The output must match the entries below exactly, with pictures removed.

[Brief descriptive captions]
=====

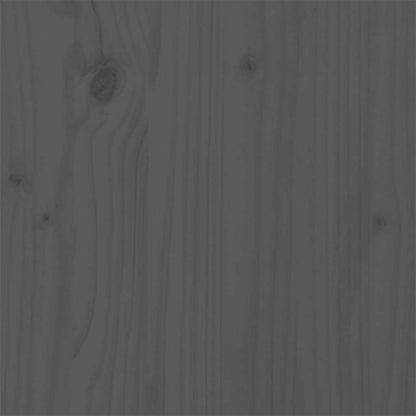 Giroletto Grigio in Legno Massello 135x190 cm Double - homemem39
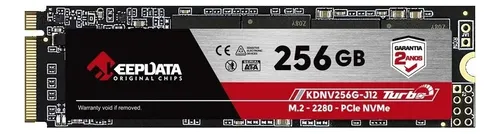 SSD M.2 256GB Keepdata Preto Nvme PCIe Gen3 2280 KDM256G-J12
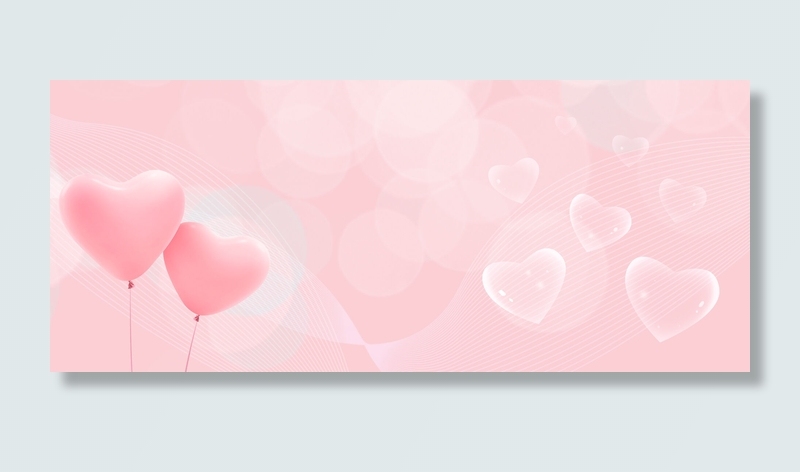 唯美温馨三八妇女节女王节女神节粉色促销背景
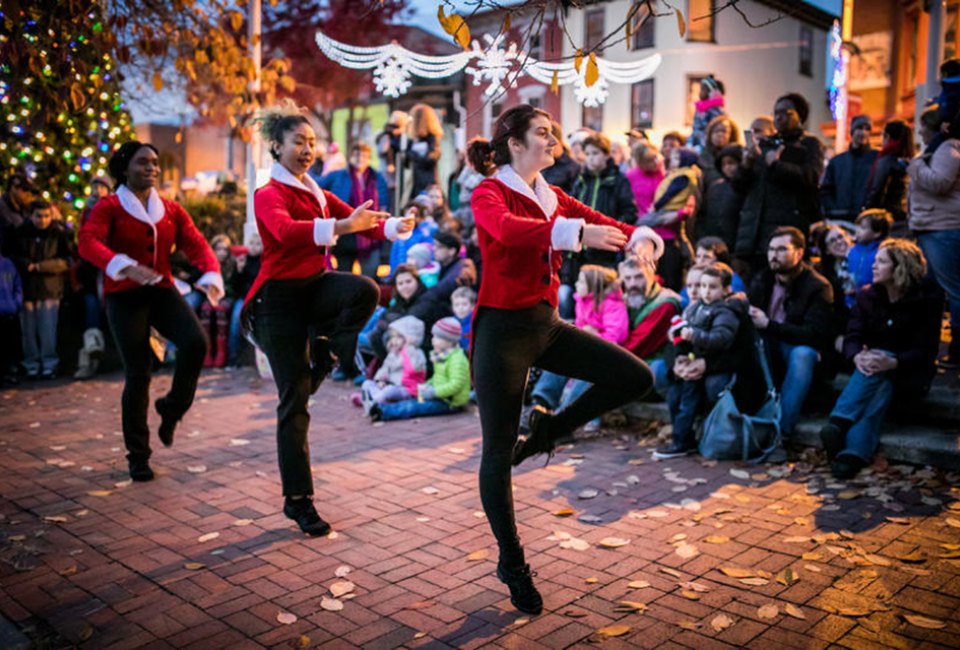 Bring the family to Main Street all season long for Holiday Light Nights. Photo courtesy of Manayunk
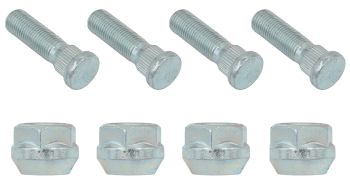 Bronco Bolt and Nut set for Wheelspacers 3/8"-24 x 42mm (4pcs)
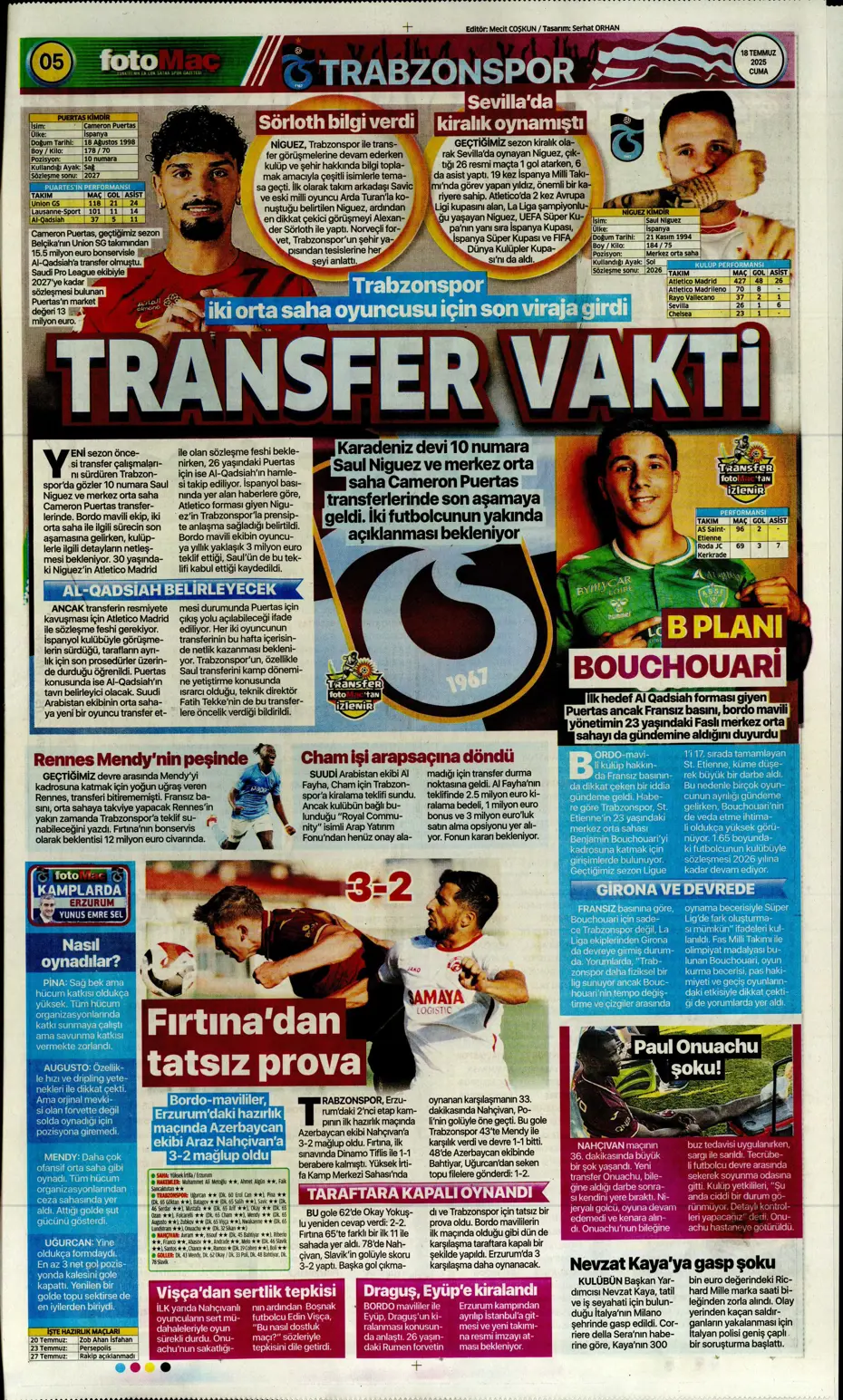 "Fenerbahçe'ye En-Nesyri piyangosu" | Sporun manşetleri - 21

=====

Response area:
 Giroletto Grigio in Legno Massello 135x190 cm Double - homemem39
 SSD M.2 256GB Keepdata Preto Nvme PCIe Gen3 2280 KDM256G-J12
 唯美温馨三八妇女节女王节女神节粉色促销背景
 Bring the family to Main Street all season long for Holiday Light Nights. Photo courtesy of Manayunk
 Bronco Bolt and Nut set for Wheelspacers 3/8"-24 x 42mm (4pcs)
 "Fenerbahçe'ye En-Nesyri piyangosu" | Sporun manşetleri - 21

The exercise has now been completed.